The 23 m drive on Sol 1673 put Curiosity alongside Murray bedrock blocks that appeared to be capped with a different material, with a darker color and smoother texture relative to the Murray
The two materials, separated by what looked like bright-toned, sulfate vein material, caught the GEO team’s eye, leading us to plan multiple observations of these materials. The “Sorrento Harbor” target aimed to capture the transition from the Murray bedrock to the vein material, and the “Bean Point” target investigated a gray patch among the vein material. This gray patch resembled similar gray patches targeted over the last several weeks given their unique textures and chemistries. The AEGIS-targeted ChemCam raster, acquired post-drive on Sol 1673, ended up hitting the darker, smoother capping material, but GEO complemented it with a second target, “Cape Levi”, on another patch of this material in front of the rover.
The image to the left, taken by Curiosity’s left navigation camera on sol 1673, shows the overall change in brightness at the contact between the wash and the darker areas around it.
The image angle appears to look away from the mountain and out across Gale Crater. In the distance you can see the crater rim, with the vast flat plains of the crater floor in between. The atmosphere is hazy with dust, so that the distant rim is faint against the sky. Quite spectacular.
Previously I had thought they would head into the canyon at the head of this wash. Without doubt that would be most exciting place to go, both in terms of science and sight-seeing. Realistically, this terrain, as breathtaking as it may be, might be too rough for Curiosity to traverse. If so, they will then I think head more to the southeast and up the smoother slopes of the mountain, visible in the image shown in my January 18, 2017 rover update.
For the overall context of Opportunity’s travels at Endeavour Crater, see Opportunity’s future travels on Mars.
Since my February 14, 2017 update, Opportunity has made great progress heading south along the outside rim of Endeavour Crater. The rover has generally stayed as close to the rim as possible, keeping to the high ground (as shown by the panoramas in this March 8, 2017 post).

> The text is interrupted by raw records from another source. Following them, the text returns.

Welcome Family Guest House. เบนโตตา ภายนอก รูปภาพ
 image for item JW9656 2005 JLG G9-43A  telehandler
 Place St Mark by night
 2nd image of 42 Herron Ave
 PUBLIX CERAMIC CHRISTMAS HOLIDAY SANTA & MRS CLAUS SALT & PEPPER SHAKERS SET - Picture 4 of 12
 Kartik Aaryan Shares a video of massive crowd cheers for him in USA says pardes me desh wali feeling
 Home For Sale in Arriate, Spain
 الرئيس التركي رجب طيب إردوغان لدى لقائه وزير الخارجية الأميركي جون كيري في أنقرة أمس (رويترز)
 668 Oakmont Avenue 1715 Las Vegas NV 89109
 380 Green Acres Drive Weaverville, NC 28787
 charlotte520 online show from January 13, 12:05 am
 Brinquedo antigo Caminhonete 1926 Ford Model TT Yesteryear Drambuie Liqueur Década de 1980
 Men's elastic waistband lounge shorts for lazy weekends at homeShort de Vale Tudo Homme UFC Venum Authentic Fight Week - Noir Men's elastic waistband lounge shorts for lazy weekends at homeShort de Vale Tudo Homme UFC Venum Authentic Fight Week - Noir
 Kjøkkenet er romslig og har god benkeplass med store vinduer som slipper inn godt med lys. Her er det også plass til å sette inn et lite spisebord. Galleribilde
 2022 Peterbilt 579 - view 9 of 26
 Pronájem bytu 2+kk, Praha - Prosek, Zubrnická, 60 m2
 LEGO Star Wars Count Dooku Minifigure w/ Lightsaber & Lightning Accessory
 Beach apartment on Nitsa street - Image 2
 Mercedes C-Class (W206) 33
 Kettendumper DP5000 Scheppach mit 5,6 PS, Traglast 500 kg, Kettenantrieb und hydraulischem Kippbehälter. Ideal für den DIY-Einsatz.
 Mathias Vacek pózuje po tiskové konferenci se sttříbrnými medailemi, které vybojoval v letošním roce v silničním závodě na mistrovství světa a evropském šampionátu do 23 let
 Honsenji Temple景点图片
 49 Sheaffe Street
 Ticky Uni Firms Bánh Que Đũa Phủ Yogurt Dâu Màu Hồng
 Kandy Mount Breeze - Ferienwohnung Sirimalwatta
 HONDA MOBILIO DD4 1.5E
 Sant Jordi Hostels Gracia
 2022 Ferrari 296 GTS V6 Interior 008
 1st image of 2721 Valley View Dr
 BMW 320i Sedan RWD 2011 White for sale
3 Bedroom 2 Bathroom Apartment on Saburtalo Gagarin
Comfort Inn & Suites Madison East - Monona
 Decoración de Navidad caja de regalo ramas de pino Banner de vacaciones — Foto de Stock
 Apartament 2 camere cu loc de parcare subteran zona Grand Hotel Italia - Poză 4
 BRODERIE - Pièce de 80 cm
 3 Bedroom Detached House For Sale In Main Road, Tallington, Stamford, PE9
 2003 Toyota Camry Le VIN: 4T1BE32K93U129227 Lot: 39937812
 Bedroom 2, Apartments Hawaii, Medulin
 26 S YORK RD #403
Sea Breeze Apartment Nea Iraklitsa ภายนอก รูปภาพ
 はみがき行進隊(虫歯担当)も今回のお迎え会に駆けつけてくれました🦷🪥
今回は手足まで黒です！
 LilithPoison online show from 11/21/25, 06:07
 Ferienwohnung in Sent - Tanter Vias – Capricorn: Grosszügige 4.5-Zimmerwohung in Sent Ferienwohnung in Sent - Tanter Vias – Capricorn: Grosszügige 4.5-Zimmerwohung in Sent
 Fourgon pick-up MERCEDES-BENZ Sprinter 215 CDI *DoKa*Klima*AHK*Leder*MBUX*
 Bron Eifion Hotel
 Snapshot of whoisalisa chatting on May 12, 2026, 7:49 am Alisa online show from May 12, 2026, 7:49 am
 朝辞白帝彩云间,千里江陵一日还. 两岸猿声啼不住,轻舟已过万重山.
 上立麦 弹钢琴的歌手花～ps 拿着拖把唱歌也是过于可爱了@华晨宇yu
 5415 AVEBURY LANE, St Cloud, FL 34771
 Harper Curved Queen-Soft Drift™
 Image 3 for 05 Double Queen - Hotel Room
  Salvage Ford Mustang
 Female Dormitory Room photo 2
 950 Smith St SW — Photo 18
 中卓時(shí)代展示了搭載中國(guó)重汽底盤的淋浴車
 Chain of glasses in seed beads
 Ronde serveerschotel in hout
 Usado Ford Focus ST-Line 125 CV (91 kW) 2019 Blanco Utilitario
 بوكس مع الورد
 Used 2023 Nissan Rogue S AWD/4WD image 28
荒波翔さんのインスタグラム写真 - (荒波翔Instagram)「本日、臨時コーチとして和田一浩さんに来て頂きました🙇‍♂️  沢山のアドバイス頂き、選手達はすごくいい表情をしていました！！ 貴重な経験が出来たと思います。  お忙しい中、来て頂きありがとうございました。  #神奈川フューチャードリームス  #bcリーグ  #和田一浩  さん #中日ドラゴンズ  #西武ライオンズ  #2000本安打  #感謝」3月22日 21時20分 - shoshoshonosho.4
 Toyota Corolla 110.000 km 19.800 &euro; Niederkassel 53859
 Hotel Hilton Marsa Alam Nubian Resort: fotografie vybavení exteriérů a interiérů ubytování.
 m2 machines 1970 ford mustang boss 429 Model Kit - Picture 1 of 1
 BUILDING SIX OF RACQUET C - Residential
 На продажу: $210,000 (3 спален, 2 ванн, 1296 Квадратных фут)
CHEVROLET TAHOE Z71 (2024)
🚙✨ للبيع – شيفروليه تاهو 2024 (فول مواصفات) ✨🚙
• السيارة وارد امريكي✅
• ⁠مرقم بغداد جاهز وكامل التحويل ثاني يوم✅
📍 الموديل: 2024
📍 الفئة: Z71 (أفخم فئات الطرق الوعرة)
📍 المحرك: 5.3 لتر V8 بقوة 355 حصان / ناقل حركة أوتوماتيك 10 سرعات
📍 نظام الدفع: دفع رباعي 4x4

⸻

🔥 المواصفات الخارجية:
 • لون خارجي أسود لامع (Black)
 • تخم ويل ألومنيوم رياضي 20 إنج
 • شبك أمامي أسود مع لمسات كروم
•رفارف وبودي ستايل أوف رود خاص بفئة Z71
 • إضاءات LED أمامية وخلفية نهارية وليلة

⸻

Two days ago the science team released a new color panorama, looking south, noting in the press release that the rover was finally leaving the rough more mountainous high regions of the rim that it has been exploring since 2014 and heading now into a lower area of the rim, dubbed Perseverance Valley, which contains the gully that might have been formed by flowing liquid and indicated in the image on the traverse map on the right.
I have posted a reduced version of the color panorama below. If you click on it you can see the full resolution version. From my perspective, the terrain to the south doesn’t look that much different than the crest they have been traversing for the past two months. It also does not appear to be much lower in elevation. Nonetheless, the traverse image shows that it is generally smoother and will afford the rover a path downhill to the gully. From there, after they have thoroughly explored the gully and the geology around it, I think they might then decide to finally head out into the floor of Endeavour Crater itself.
One last note: Today the Mars Reconnaissance Orbiter team released a very cool image showing Opportunity’s landing platform, still sitting in the center of Eagle Crater, where the rover landed thirteen years ago in 2004. At that time everyone was thrilled the rover had landed in the center of that little crater, since it would give the rover a golden opportunity (no pun intended) to study the geology revealed by the impact. No one ever dreamed it would someday have the chance to study the geology of a crater a thousand times larger.